EXCERPTED DATA:
────

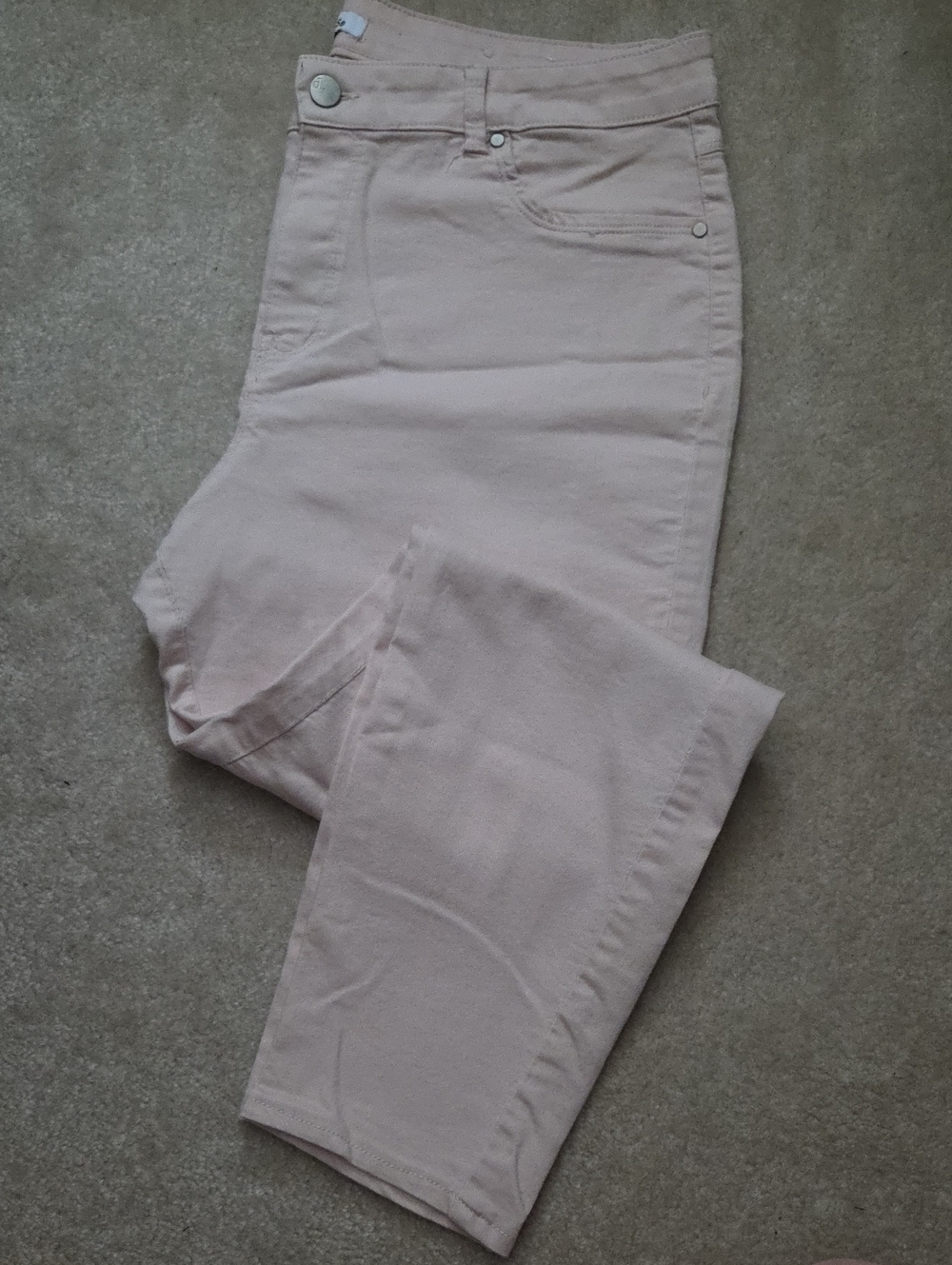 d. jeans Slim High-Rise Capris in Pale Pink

────

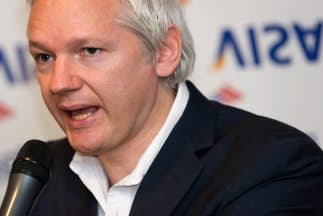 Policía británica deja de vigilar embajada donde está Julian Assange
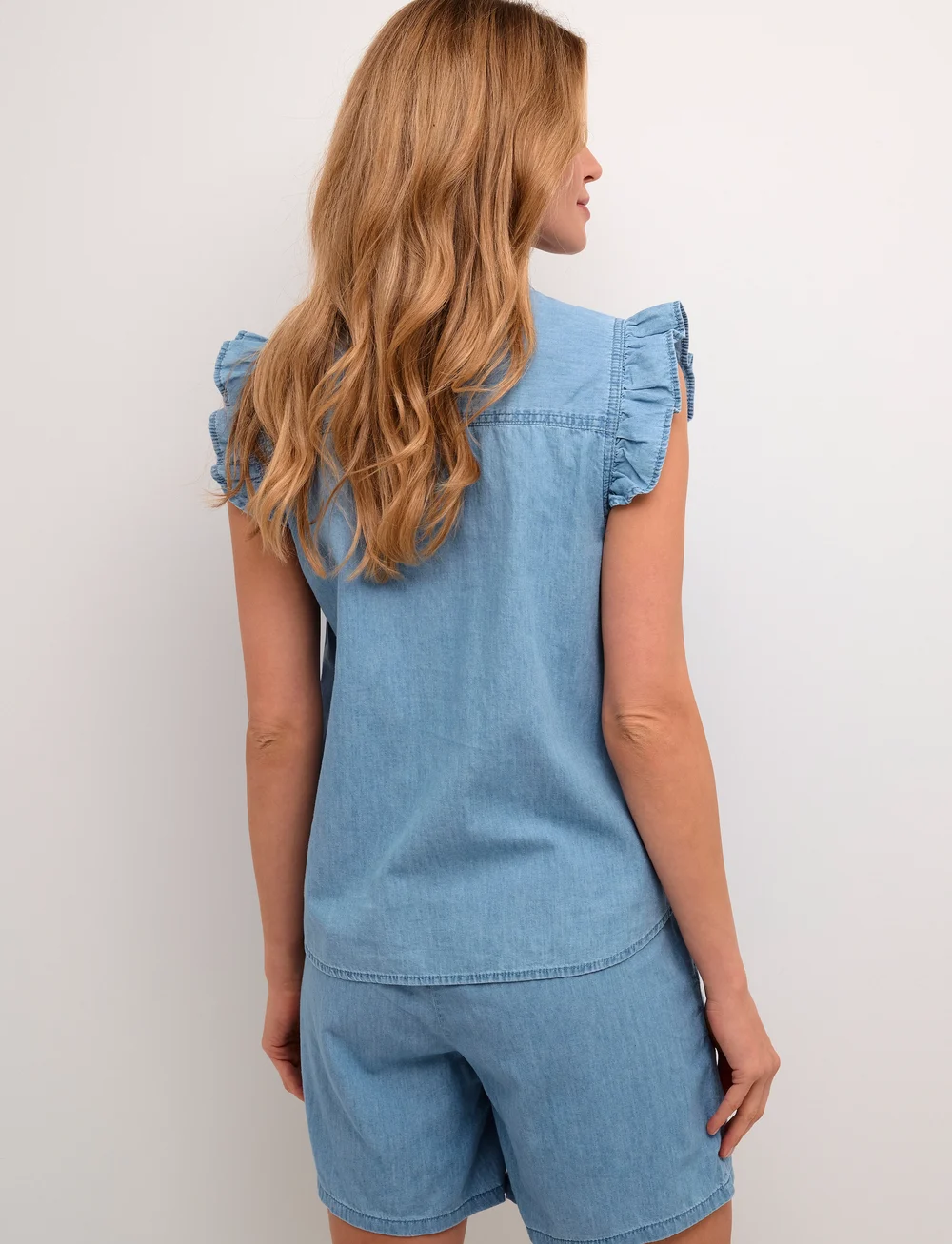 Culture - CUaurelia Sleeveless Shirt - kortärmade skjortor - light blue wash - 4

────

Leaving pictures out, output the lines of the data above from the one with "Policía británica deja" through the one with "Culture - CUaurelia", word for word.

OUTPUT FOR THIS TASK:
 Policía británica deja de vigilar embajada donde está Julian Assange
 Culture - CUaurelia Sleeveless Shirt - kortärmade skjortor - light blue wash - 4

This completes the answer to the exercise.